Myocardial Strain Analysis in Acute Coronary Occlusion

A Tool to Assess Myocardial Viability and Reperfusion

Erik Lyseggen, MD; Helge Skulstad, MD; Thomas Helle-Valle, MD; Trond Vartdal, MD; Stig Urheim, MD, PhD; Stein Inge Rabben, PhD; Anders Opdahl, MD; Halfdan Ihlen, MD, PhD; Otto A. Smiseth, MD, PhD

From the Institute for Surgical Research and Department of Cardiology, Rikshospitalet University Hospital, Oslo, Norway.

Correspondence to Otto A. Smiseth, Department of Cardiology, Rikshospitalet University Hospital, N-0027 Oslo, Norway. E-mail o.a.smiseth{at}klinmed.uio.no

Received February 16, 2005; revision received September 19, 2005; accepted September 21, 2005.

Background— This study proposes 2 new echocardiographic indices with potential application in acute coronary artery occlusion to differentiate between viable and necrotic myocardium and to identify reperfusion.
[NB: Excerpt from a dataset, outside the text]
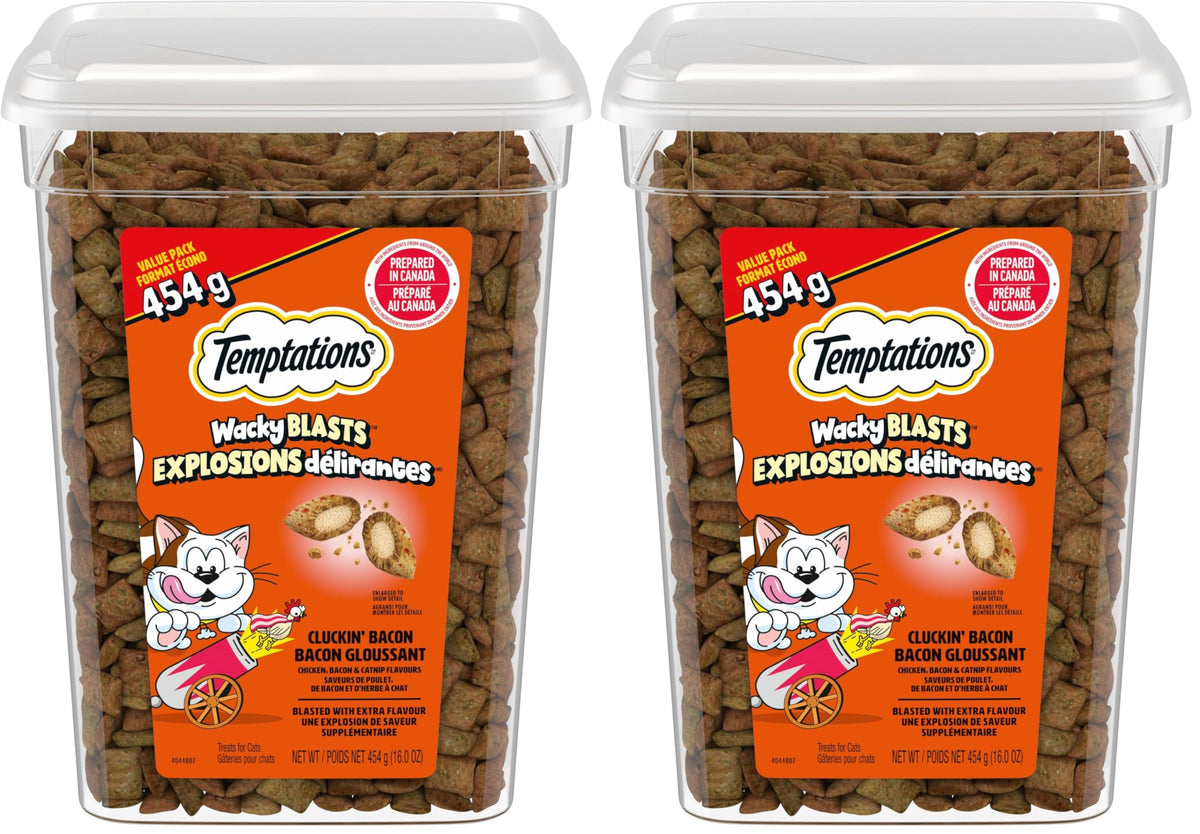 Temptations Wacky Blasts Cat Treats, Cluckin’ Bacon Flavour, 454g Tub (Pack of 2)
We investigated whether the ratio between systolic lengthening and combined late and postsystolic shortening (L-S ratio) could identify viable myocardium and whether systolic myocardial compliance, calculated as systolic lengthening divided by systolic pressure rise, could identify necrotic myocardium.
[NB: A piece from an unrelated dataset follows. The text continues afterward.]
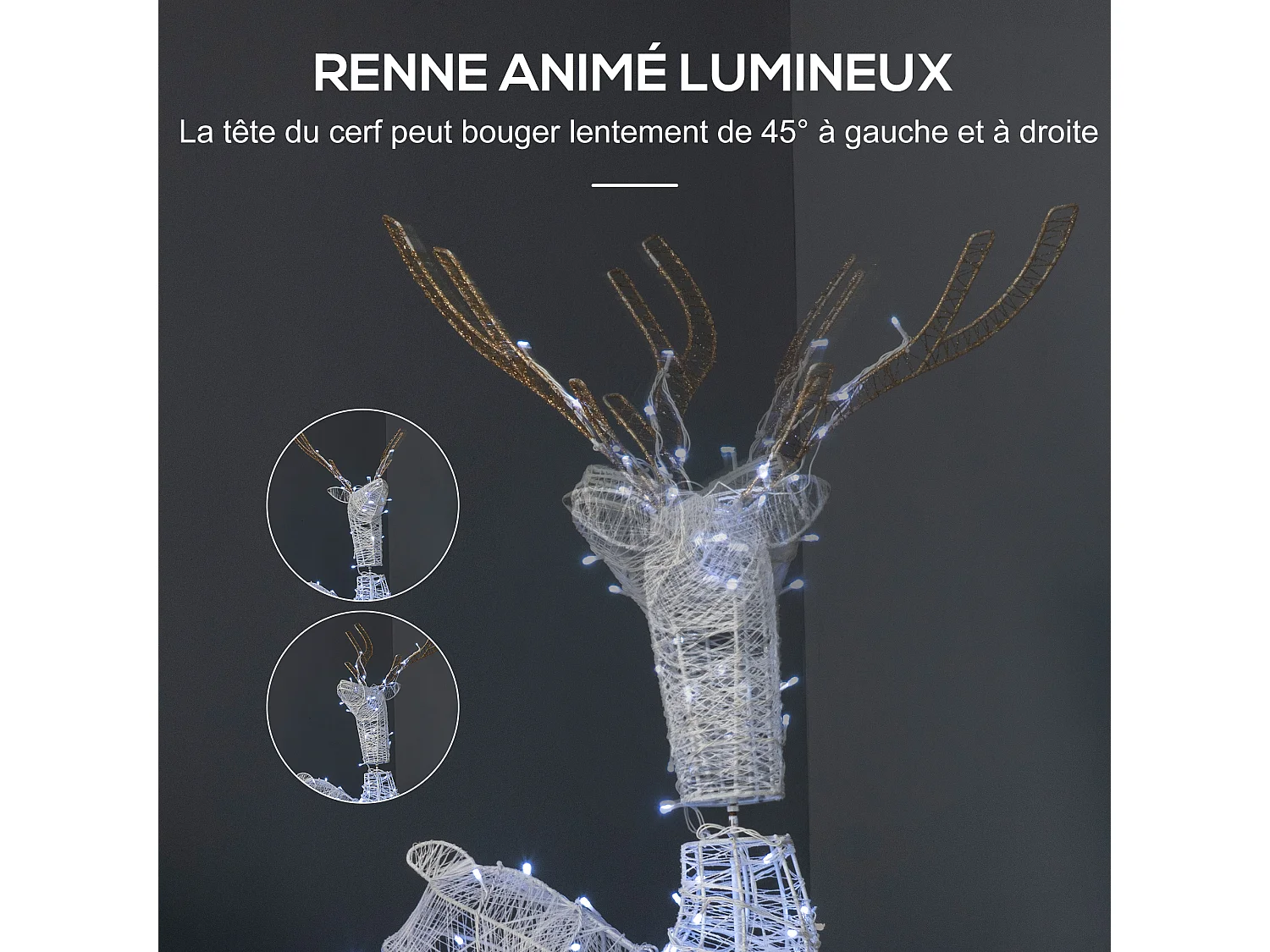 Déco renne de Noël lumineux - Silhouette renne lumineux - décoration LED extérieure de Noël - 92 LED blanc froid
Methods and Results— In anesthetized dogs, we measured left ventricular (LV) pressure and long-axis strain by Doppler echocardiography (SDE) and sonomicrometry. The left anterior descending coronary artery was occluded for 15 minutes with 3-hour reperfusion (n=6), for 4 hours with 3-hour reperfusion (n=6), or for 4 hours with no reperfusion (n=6). Myocardial work was quantified by pressure–segment length analysis, necrosis by triphenyltetrazolium chloride staining, and edema by water content. L-S ratio and systolic compliance were calculated by SDE. The L-S ratio ranged between 0.00 and 1.00 and was well correlated with regional myocardial work (r=0.77, P<0.0001). In entirely passive myocardium, the L-S ratio approached 1 and was similar in viable (0.88±0.02) and necrotic (0.81±0.03) myocardium. Compliance, however, was reduced in necrotic myocardium owing to edema (0.07±0.01%/mm Hg) but was preserved in viable myocardium (0.15±0.01%/mm Hg, P<0.05). Reperfusion of viable myocardium caused a reduction of the L-S ratio after 15 minutes (0.57±0.06, P<0.05), reflecting recovery of function. Reperfusion of necrotic myocardium caused no change in the L-S ratio, but compliance was further reduced within 15 minutes (0.03±0.01%/mm Hg, P<0.05).

Conclusion— Myocardial L-S ratio and compliance by SDE identified active contraction and necrosis, respectively. These indices should be tested clinically for assessment of myocardial viability and reperfusion.